TASK REQUIREMENTS:
Should a line in the entries below contain "with", return that line.

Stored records

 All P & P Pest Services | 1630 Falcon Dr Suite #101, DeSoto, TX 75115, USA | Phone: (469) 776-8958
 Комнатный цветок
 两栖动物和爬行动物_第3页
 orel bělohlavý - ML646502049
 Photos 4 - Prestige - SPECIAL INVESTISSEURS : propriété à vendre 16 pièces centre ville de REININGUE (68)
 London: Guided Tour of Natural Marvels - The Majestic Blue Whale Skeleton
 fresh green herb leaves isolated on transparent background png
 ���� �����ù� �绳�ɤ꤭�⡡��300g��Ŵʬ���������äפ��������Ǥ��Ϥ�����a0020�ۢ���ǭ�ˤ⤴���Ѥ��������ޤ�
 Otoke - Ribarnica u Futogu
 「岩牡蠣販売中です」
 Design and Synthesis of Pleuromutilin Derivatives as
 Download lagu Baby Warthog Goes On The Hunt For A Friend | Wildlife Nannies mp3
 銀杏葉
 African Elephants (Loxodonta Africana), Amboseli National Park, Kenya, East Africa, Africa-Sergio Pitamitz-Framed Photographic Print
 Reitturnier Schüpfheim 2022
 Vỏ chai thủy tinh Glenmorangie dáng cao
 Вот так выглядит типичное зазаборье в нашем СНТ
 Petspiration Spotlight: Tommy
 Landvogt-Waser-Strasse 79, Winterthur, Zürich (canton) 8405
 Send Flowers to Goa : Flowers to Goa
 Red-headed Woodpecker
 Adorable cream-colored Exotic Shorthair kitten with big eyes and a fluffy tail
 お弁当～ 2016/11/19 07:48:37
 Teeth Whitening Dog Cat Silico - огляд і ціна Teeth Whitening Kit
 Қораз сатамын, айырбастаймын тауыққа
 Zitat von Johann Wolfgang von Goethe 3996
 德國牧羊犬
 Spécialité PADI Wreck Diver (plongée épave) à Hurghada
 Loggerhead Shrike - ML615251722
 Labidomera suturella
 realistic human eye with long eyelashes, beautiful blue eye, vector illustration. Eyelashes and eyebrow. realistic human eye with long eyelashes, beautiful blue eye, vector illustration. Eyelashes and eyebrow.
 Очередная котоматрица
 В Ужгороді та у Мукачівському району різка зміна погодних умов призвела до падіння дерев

YOUR SOLUTION:
 Adorable cream-colored Exotic Shorthair kitten with big eyes and a fluffy tail
 realistic human eye with long eyelashes, beautiful blue eye, vector illustration. Eyelashes and eyebrow. realistic human eye with long eyelashes, beautiful blue eye, vector illustration. Eyelashes and eyebrow.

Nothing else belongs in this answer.